Posted by Jane F. Bolin, Esq. | Aug 21, 2019 | 0 Comments

The board is one of the most important aspects of a successful condo or homeowners' association. Learn how to assemble the right people for your board and what they should know.

Establishing a homeowners' association (HOA) or condo association involves many steps that can't be overlooked or circumvented. These include creating a business structure (like a nonprofit or an LLC), drafting governance documents, following local laws, and setting up a board of experienced people who can competently oversee operations.

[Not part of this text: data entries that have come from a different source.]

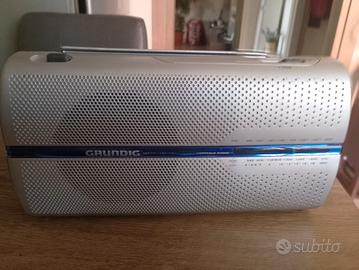 radio portatile 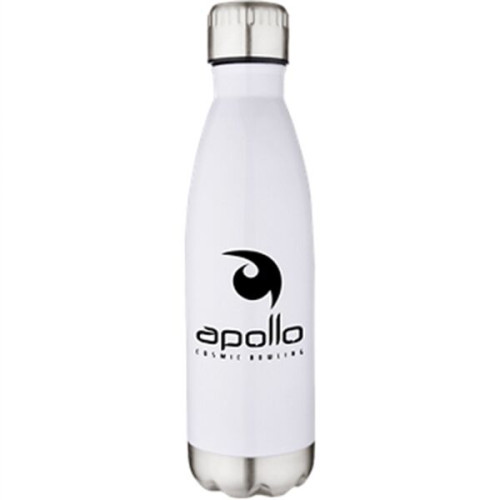 17 oz Apollo Double Wall Stainless Vacuum Bottle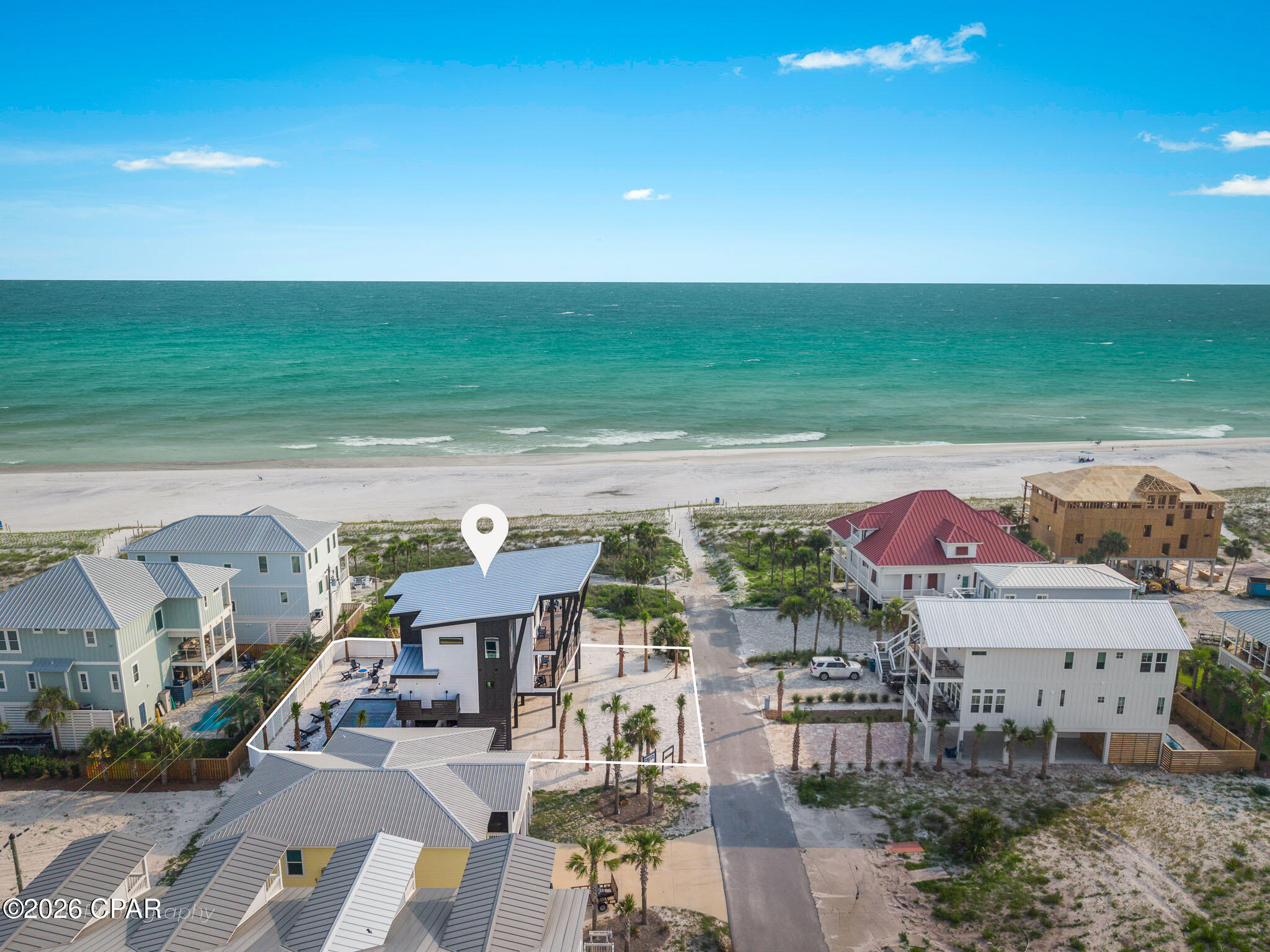 105 S 26th Street Mexico Beach FL 32456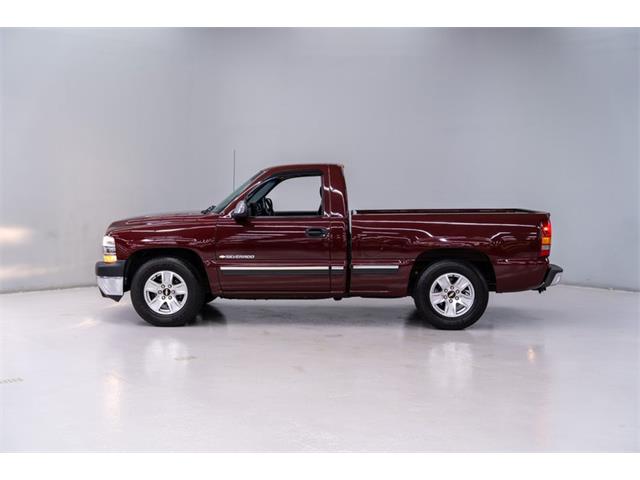 2000 Chevrolet Silverado (CC-2080633) for sale in Concord, North Carolina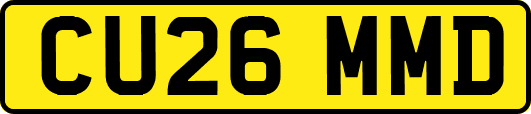 CU26MMD
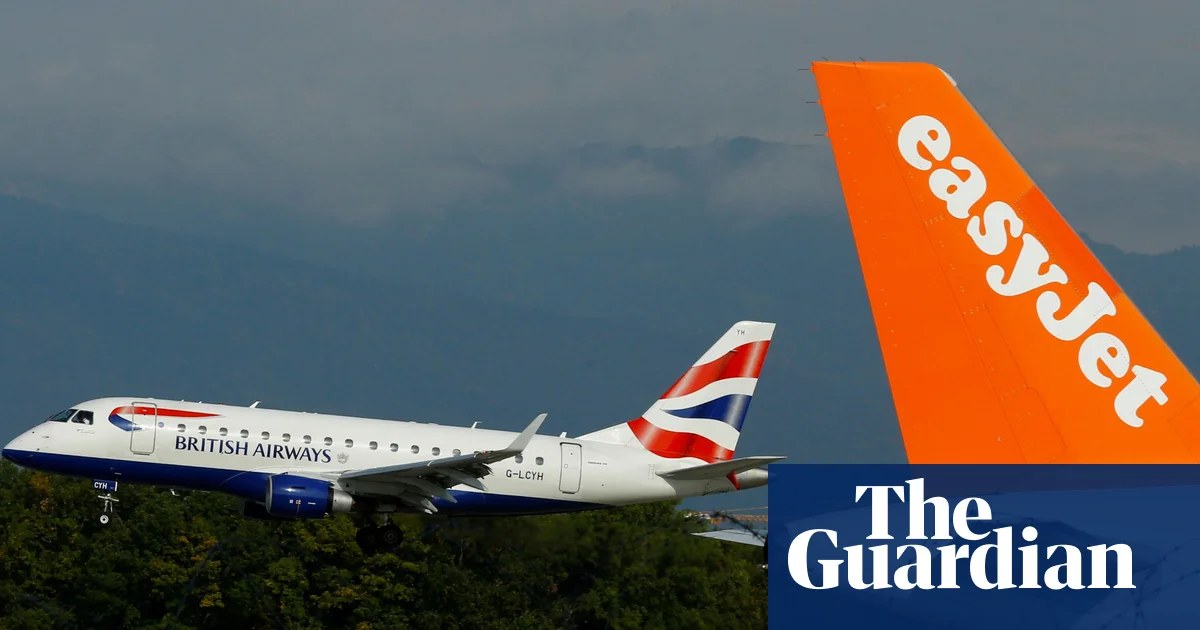 Airlines urge action after UK flights delayed and cancelled again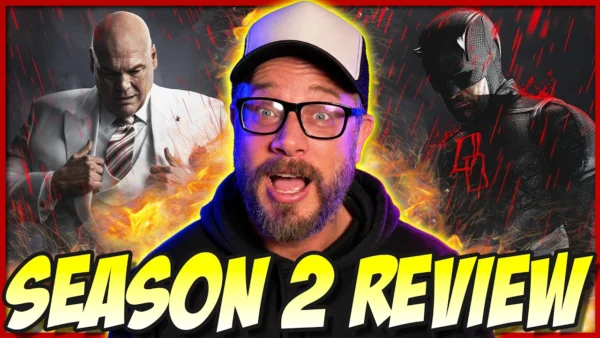 Daredevil Born Again Season 2 Review (SPOILERS) | Best Marvel Disney+ Season?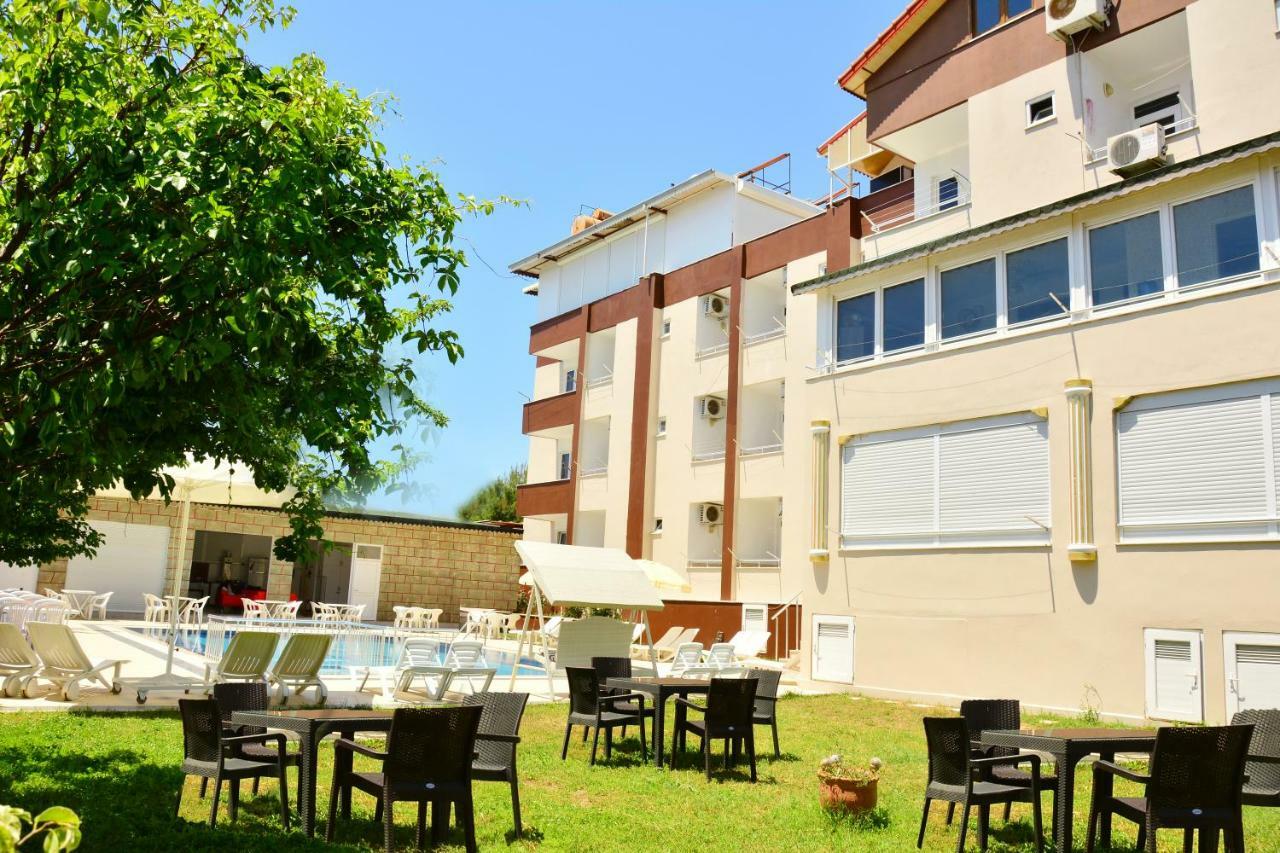 Side Papirus Hotel Manavgat Bagian luar foto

The association board makes important decisions for the community about processes, guidelines, community rules, and how the board itself functions and members are elected. If you are in the process of establishing an association, it's important to know how to assemble the right group of people to make a successful board. Here's what to know and where to start.

Elect qualified members

First of all, because the board will be making a variety of decisions about how the association functions (which is essentially the way a business functions), the board members need to have knowledge in different areas. At a minimum, your board members should collectively have expertise in these areas:

  • Finances
  • Legal
  • Bookkeeping
  • Vendor management
  • Real estate
  • Insurance

It is also helpful to select a few individuals with experience managing other people, since resolving conflicts among homeowners and maintaining effective communication are also parts of the board's responsibilities.

Make sure board members can accept their responsibilities

Each state has its own laws regarding HOAs and associations, so it's important for board members to study your state's regulations and requirements. These requirements must then be embedded in the governing documents of the community, known as the covenants, conditions, and regulations (CC&Rs) and the bylaws. The board is essentially responsible, legally, for the association, so it's no small consideration.

Because the board has the responsibility of upholding the rules, it's important that board members can actively pursue any complaints or violations within the community. If rules are being broken, they need to be addressed by the board and fines incurred, or, sometimes, rules need to be updated according to the wishes of the homeowners' in the community. Conflict resolution is an important part of a healthy association and the board is responsible for making that successful.

The face of the association

Board members should also realize that they are representing the association. Members of the board must always keep the interests of the community in mind — and this can be difficult because they live in the association, too. Board members must speak for the members of the community and take their interests to heart.

Board members deal with claims and complaints, where they must strive to protect the rights of the home or unit owners. They represent the collective interests of the community members while at the same time upholding its laws and regulations to those members. It is one of their most important responsibilities.

Be open to outside help

You may not have candidates with legal or financial experience when assembling the board. In that case, consider seeking the advice of outside legal counsel or hiring an accountant. The most important thing is for the association to follow and uphold the applicable laws and be financially viable. If you can't provide either of those things with the board members available, it makes sense to hire an expert.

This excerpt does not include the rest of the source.